If Alice ran 100 meters faster than her opponents at the Olympics, she deserves a gold medal. In this case, it is clear what is meant by that: the organizers of the Olympics owe her a gold medal in just recognition of her achievement. Thus, Alice’s desert appears appears to be appropriately analyzable partly in terms of normative properties had by persons other than Alice. In Alice’s case, these properties are obligations of justice, but they could simply be reasons of justice. Thus, if someone has done something heroic and they receive a medal, the people giving the medal typically are not obligated to give it, but they do have reasons of justice to do so.
But there are cases that fit the opening intuition where it is harder to identify the other persons with the relevant normative properties.

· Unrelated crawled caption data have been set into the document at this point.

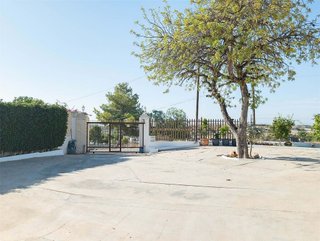 Chalet en venta en Peña de las Águilas en Elche
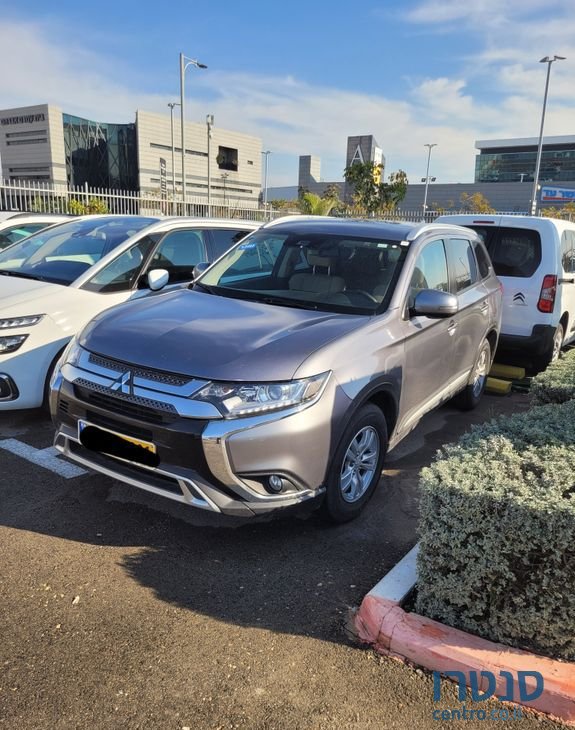 2019' Mitsubishi Outlander מיצובישי אאוטלנדר photo #1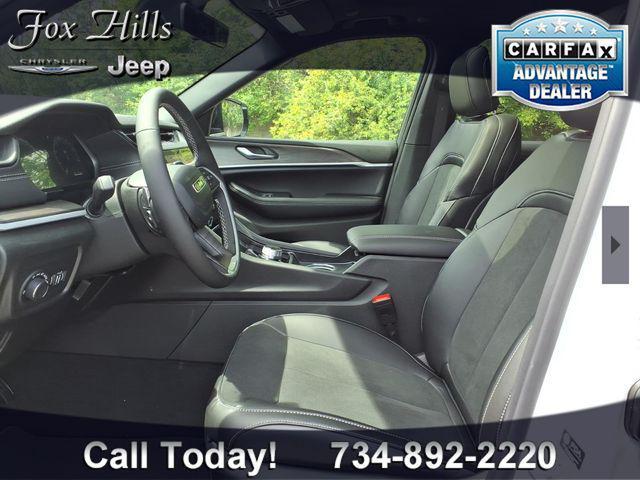 new 2026 Jeep Grand Cherokee car, priced at $45,776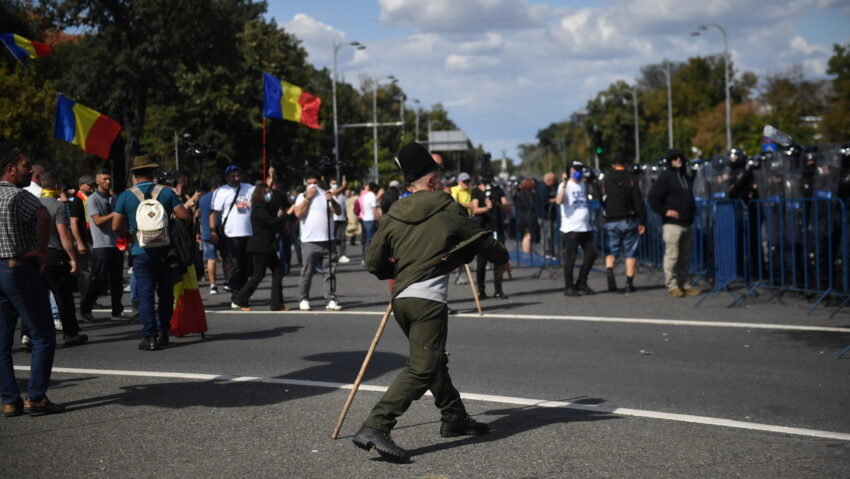 Continuă protestul neautorizat al fermierilor, în fața Guvernului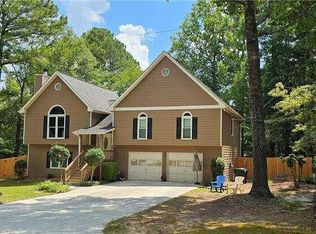1065 Burning Bush Dr, Loganville, GA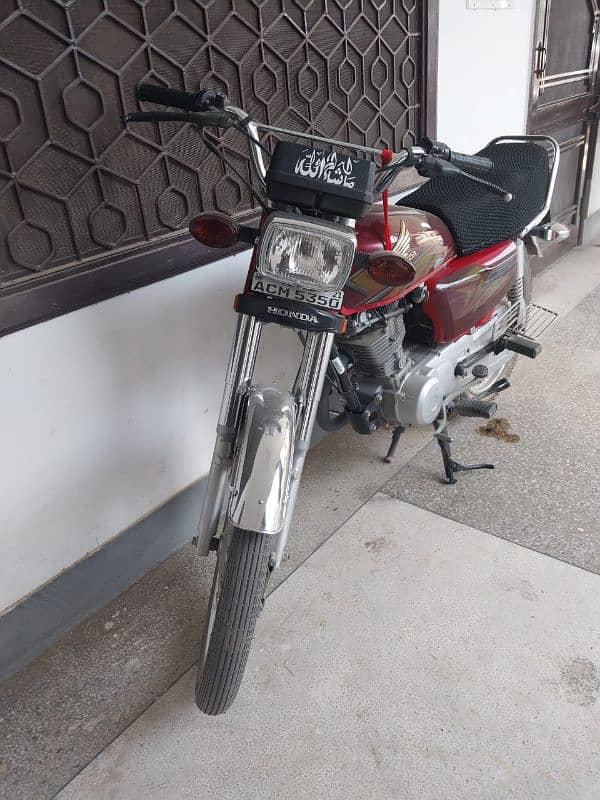 Honda 125 brand new condition 2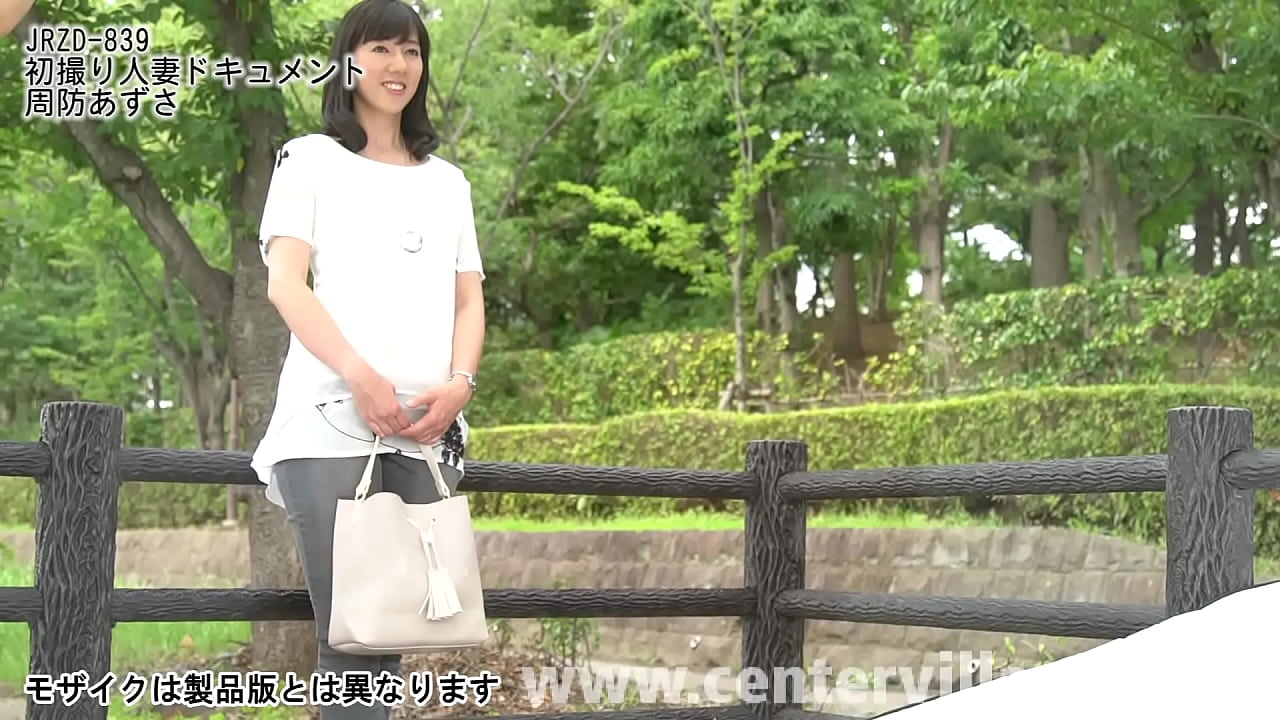 エキゾチックなビジュアルがなんとも神秘的な雰囲気を漂わせる、周防あずささん37歳。ロシア系アメリカ人と日本人のハーフだという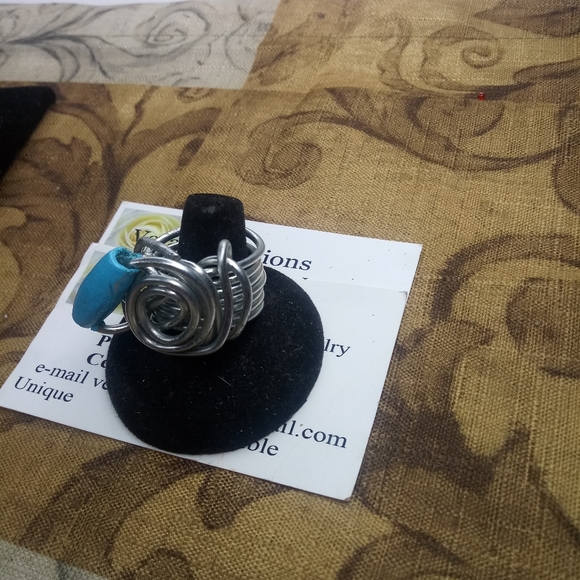 Jewelry - Picture 4 of 5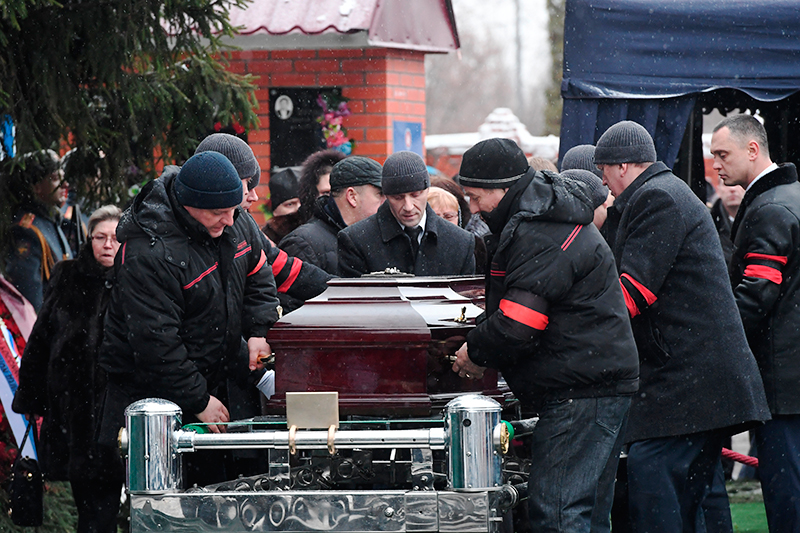 Похороны прошли на Химкинском кладбище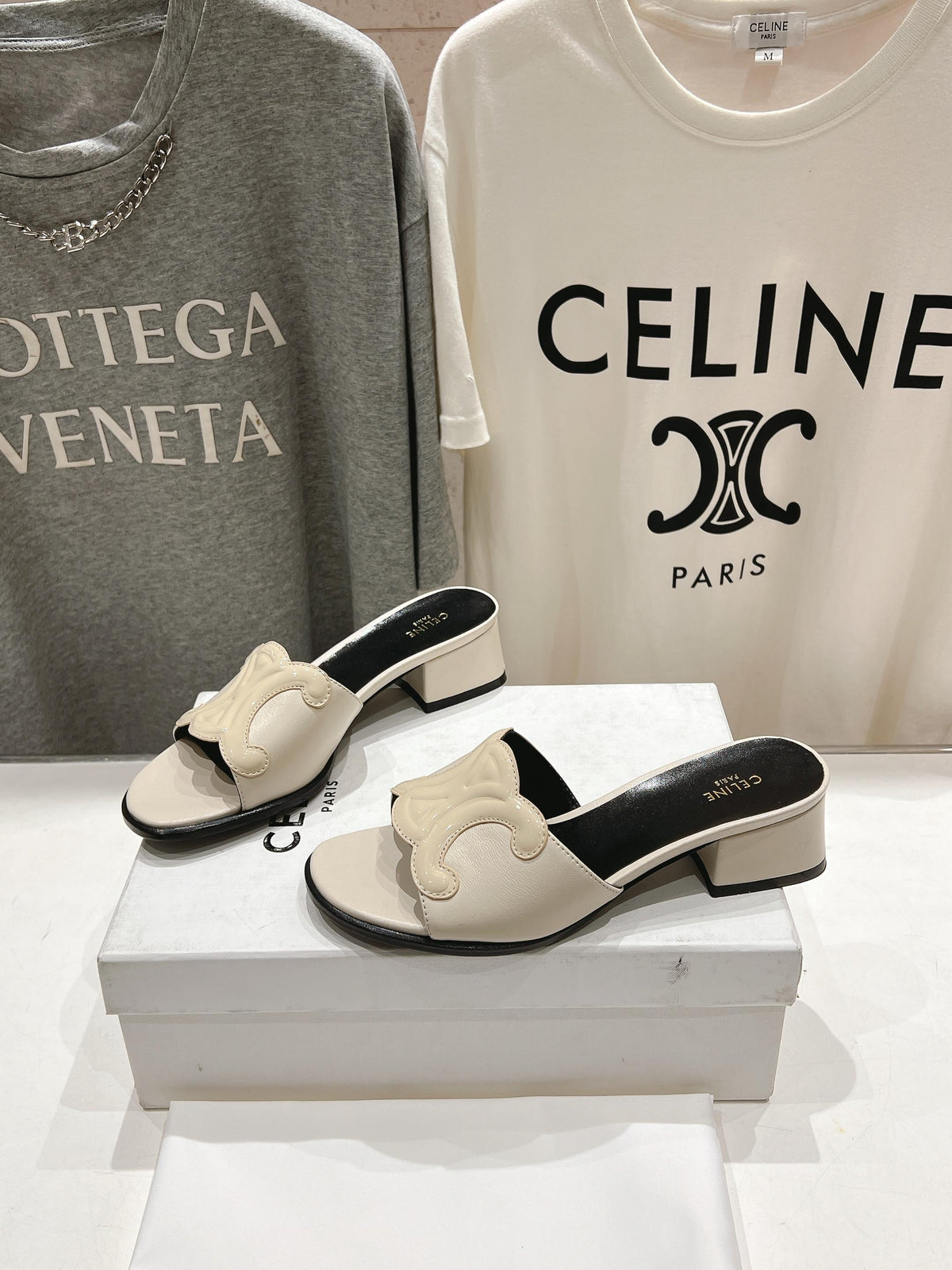 CELINE 25C CLEMENCE MULE WHITE SHEEPSKIN 236749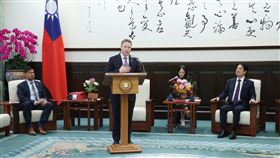 美國前白宮副國安顧問博明致詞總統賴清德（後右）13日接見美國前白宮副國安顧問博明（Matt Pottinger）（前中）等，博明致詞表示，這次非常榮幸與新書的共同作者簡以榮（Ivan Kanapathy）（後左）一起到台灣，希望能與賴總統交換意見，台灣與美國可一起合作做些什麼，一起維護台灣的安全。中央社記者鄭傑文攝  113年6月13日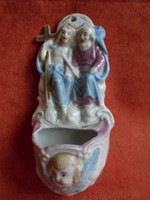 Porcelán szenteltvíztartó Jézus és Szent Péter figurás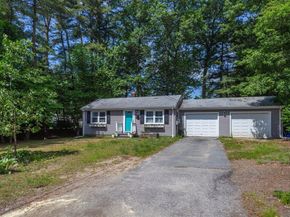 31 Acorn St, Middleboro MA 02346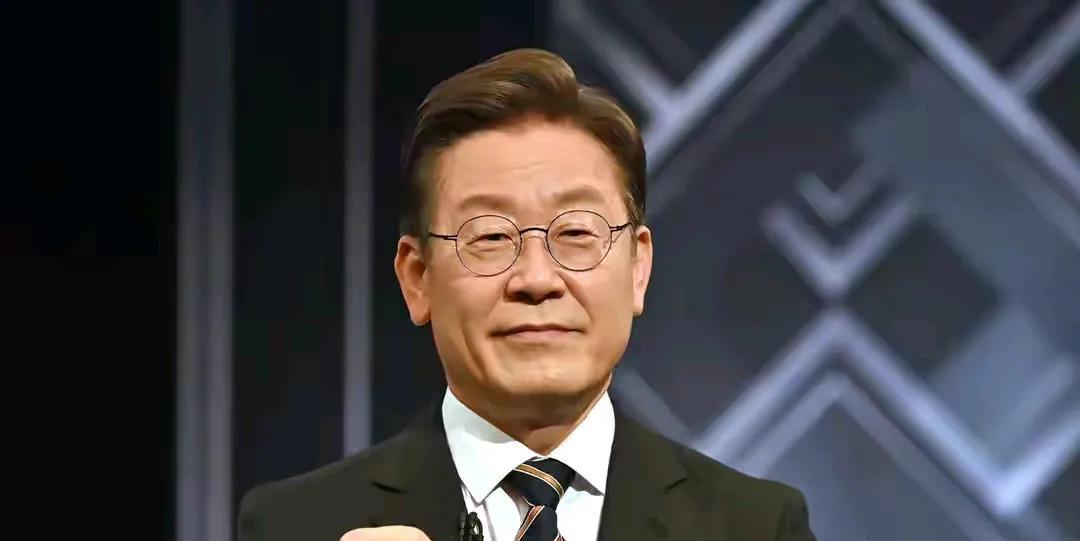 特朗普宣布对韩国实施15%关税，总统李在明称“待遇优于他国”。韩国的表现真是让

Suppose Bob spends his life pursuing virtue, and gains the rewards of a peaceful conscience and a gentle attitude to the failings of others. Like Alice’s gold medal, Bob’s rewards are deserved. But if we understand desert as in Alice’s case, as partly analyzable in terms of normative properties had by others, now we have a problem: Who is it that has reasons of justice to bestow these rewards on Bob?
We can try to analyze Bob’s desert by saying that we all have reasons of justice not to deprive him of these rewards. But that doesn’t seem quite right, especially in the case of the gentle attitude to the failings of others. For while some people gain that attitude through hard work, others have always had it. Those who have always had it do not deserve it, but it would still be unjust to deprive them of it.
The theist has a potential answer to the question: God had reasons of justice to bestow on Bob the rewards of virtue. Thus, while Alice deserved her gold medal from the Olympic committee and Carla (whom I have not described but you can fill in the story) deserved her Medal of Honor from the Government, Bob deserved his quiet conscience and “philosophical” outlook from God.
This solution, however, may sound wrong to many Christians, especially but not only Protestants. There seems to be a deep truth to Leszek Kolakowski’s book title God Owes Us Nothing. But recall that desert can also be partly grounded in non-obligating reasons of justice. One can hold that God owes us nothing but nonetheless think that when God bestowed on Bob the rewards of virtue (say, by designing and sustaining the world in such a way that often these rewards came to those who strove for virtue), God was doing so in response to non-obligating reasons of justice.
Objection: Let’s go back to Alice. Suppose that moments after she ran the race, a terrorist assassinated everyone on the Olympic Committee. It still seems right to say that Alice deserved a gold medal for her run, but no one had the correlate reason of justice to bestow it. Not even God, since it just doesn’t seem right to say that God has reasons of justice to ensure Olympic medals.
Response: Maybe. I am not sure. But think about the “Not even God” sentence in the objection. I think the intuition behind the “Not even God” undercuts the case. The reason why not even God had reasons of justice to ensure the medal was that Alice deserved a medal not from God but from the Olympic Committee. And this shows that her desert is grounded in the Olympic Committee, if only in a hypothetical way: Were they to continue existing, they would have reasons of justice to bestow on her the medal.
This suggests a different response that an atheist could give in the case of Bob: When we say that Bob deserves the rewards of virtue, maybe we mean hypothetically that if God existed, God would have reasons of justice to grant them. This does not strike me as a plausible analysis. If God doesn’t exist, the existence of God is a far-fetched and fantastical hypothesis. It is implausible that Bob’s ordinary case of desert be partly grounded in hypothetical obligations of a non-existent fantastical being. On the other hand, it is not crazy to think that Alice’s desert, in the exceptional case of the Olympic Committee being assassinated, be partly grounded in hypothetical obligations of a committee that had its existence suddenly cut short.